Mais le groupe américain “profite d’avantages concurrentiels déloyaux, il est installé au Luxembourg où la TVA est faible et il utilise sa position dominante pour faire du chantage sur les éditeurs”, accuse-t-il.

La Commission européenne a d’ailleurs annoncé mardi l’ouverture d’une enquête approfondie concernant de possibles avantages fiscaux indus accordés par le Luxembourg au géant américain.

– Diversité culturelle –

“Je n’exclus pas qu’Amazon finisse par accroître la diversité culturelle”, pointe toutefois Dieter Schnaas, journaliste pour le magazine économique allemand Wirtschaftswoche.

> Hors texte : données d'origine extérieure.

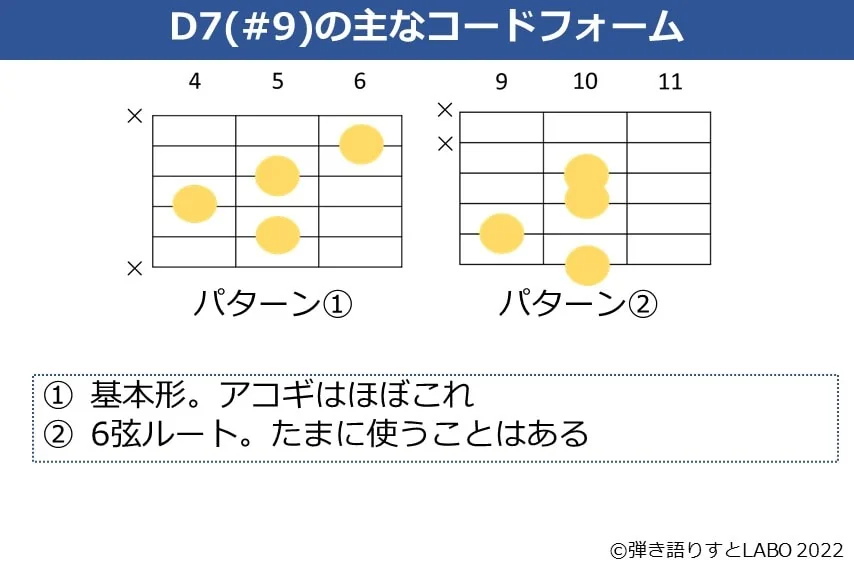D7（#9）のギターコードフォーム 2種類
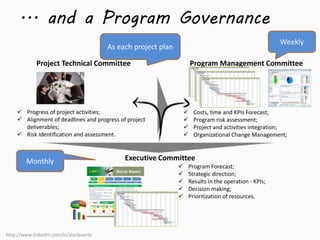 ... and a Program Governance 
Program Management Committee 
Project Technical Committee 
 Progress of project activities; 
 Alignment of deadlines and progress of project 
Executive Committee 
deliverables; 
 Risk Identification and assessment. 
 Costs, time and KPIs Forecast; 
 Program risk assessment; 
 Project and activities integration; 
 Organizational Change Management; 
 Program Forecast; 
 Strategic direction; 
 Results in the operation - KPIs; 
 Decision making; 
 Prioritization of resources. 
As each project plan 
Weekly 
Monthly 
http://www.linkedin.com/in/alanbueno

“Il ne pénalise pas les consommateurs, bien au contraire, cette évolution se fait en faveur des consommateurs. (…) Lorsque j’entends des appels en direction des décideurs politiques à agir contre Amazon, je pense qu’il faut être très prudent”, estime-t-il.

Martin Shepard, co-directeur de la maison d’édition américaine The Permanent Press, qui publie chaque année une douzaine d’ouvrages, est un fervent supporter du distributeur américain.

“C’est assez facile lorsqu’on est un auteur reconnu et soutenu par un grand éditeur de s’attaquer à Amazon”, mais ce dernier traite généralement ses partenaires beaucoup mieux que d’autres acteurs du secteur, explique-t-il.

“Lorsque l’une des grandes maisons d’édition se plaint d’être traitée injustement par Amazon, c’est probablement une bonne chose pour la plupart des petits éditeurs indépendants”, assure-t-il.